AFGHAN COINS AND OTHER TREASURE FOUND

  On November 18 the Washington Post published an article
  describing a trove of museum artifacts, including coins,
  which were inventoried recently after 25 years of hiding.

  "They were priceless artifacts, and the Kabul Museum curators
  wrapped them carefully, some of them in pink toilet paper,
  others in newspaper, and put them in metal boxes. Then
  government people, eight to 10 of them, signed pieces of
  paper that were glued to the locks.
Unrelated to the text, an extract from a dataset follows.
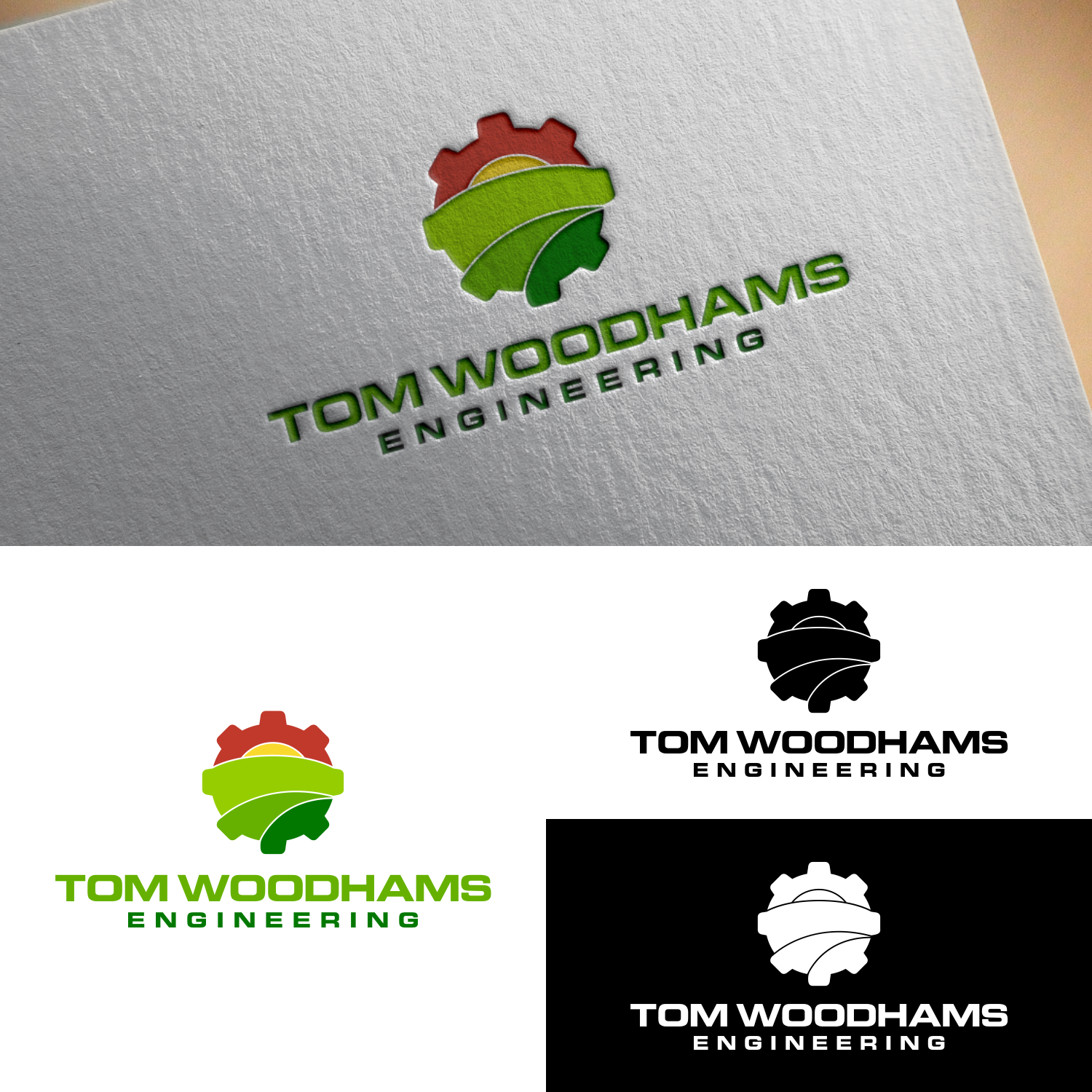 Design de Logo par Tangantengen pour ce projet | Design #26833247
No box would be opened
  unless all the signers were there.

  That was a quarter-century ago, during the Soviet occupation.
  But the pact held through the warlordism of the late 1980s
  and 1990s, through the xenophobic rule of the Taliban and
  the American invasion.

  Many feared the treasures were lost forever, but yesterday
  archaeologist Fredrik T. Hiebert announced that a just-
  completed inventory showed that all but a handful had been
  recovered from hidden caches in Kabul's presidential palace
  complex and other "safe places."

  "The museum director said, 'Won't you look at these other
  boxes?'  " There were six of them, Hiebert said; then there
  were 20, then 80, then perhaps 120.

  In them they found more than 2,500 more objects, including
  2,000 gold and silver coins depicting Afghan royalty back to
  500 B.C., a collection long regarded as looted and missing.
  Next came plaster medallions, ivory water goddesses and
  intricately carved ivory plaques from the 2,000-year-old
  Kushan culture.

  In all, the boxes contained 5,000 years of Afghanistan's
  history.. ."

  "Beginning in 1979, the museum was shelled, lost its roof,
  its windows, its door," Hiebert said. "All the inventory
  cards were destroyed by fire, and the museum was looted."

  "The art market was waiting for stuff to start appearing,
  but it never did," said Ohio State University historian
  John Huntington, who photographed much of the Kabul Museum
  collection in 1970. "Where was it" Nobody knew."